Con el espectáculo que se montó para trasladar a la cárcel de Najayo a los imputados en la Operación anti-Pulpo a quienes se impuso prisión como medida de coerción parece que además de estigmatizarlos como símbolos de la corrupción se quería enviar algún mensaje a un sector en particular.
Nunca se había visto en que para un procedimiento tan rutinario como el traslado de reclusos desde el Palacio de Justicia de Ciudad Nueva se organizaran caravanas con tan estrictas medidas de seguridad ni tampoco tanta fanfarria.
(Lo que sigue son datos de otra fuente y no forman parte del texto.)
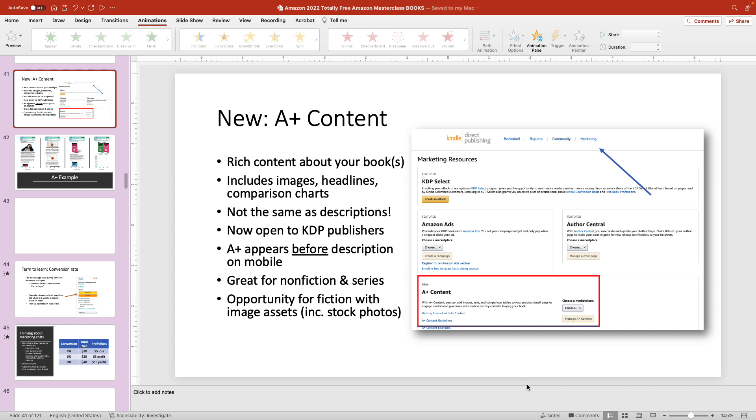By the way, this works the same in Windows or Mac. All you need is the latest edition of PowerPoint, so PowerPoint 365 for Microsoft Office.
Ninguno de los imputados pensaría en escapar, pero tampoco serían esperados por algún comando para liberarlos.
El ruido era completamente innecesario contra procesados, a quienes, al margen de los delitos que se les atribuyen, no se les reconoció siquiera la presunción de inocencia.
El mismo proceso en que se le impuso prisión como medida de coerción asumió en ocasiones una confrontación que lucía más personal que jurídica.
Las formas tendrán que guardarse y los procedimientos respetarse tanto para garantizar derechos como para evitar que las víctimas puedan convertirse en mártires. Si estigmatizar a los imputados no ha sido la intención, entonces algo falló porque es lo que se ha notado con el maratónico proceso para llevarlos a la cárcel de Najayo.
El Ministerio Público tendrá que tomar nota de un procedimiento que dista mucho del interés de justicia o establecer verdaderas responsabilidades sobre la corrupción.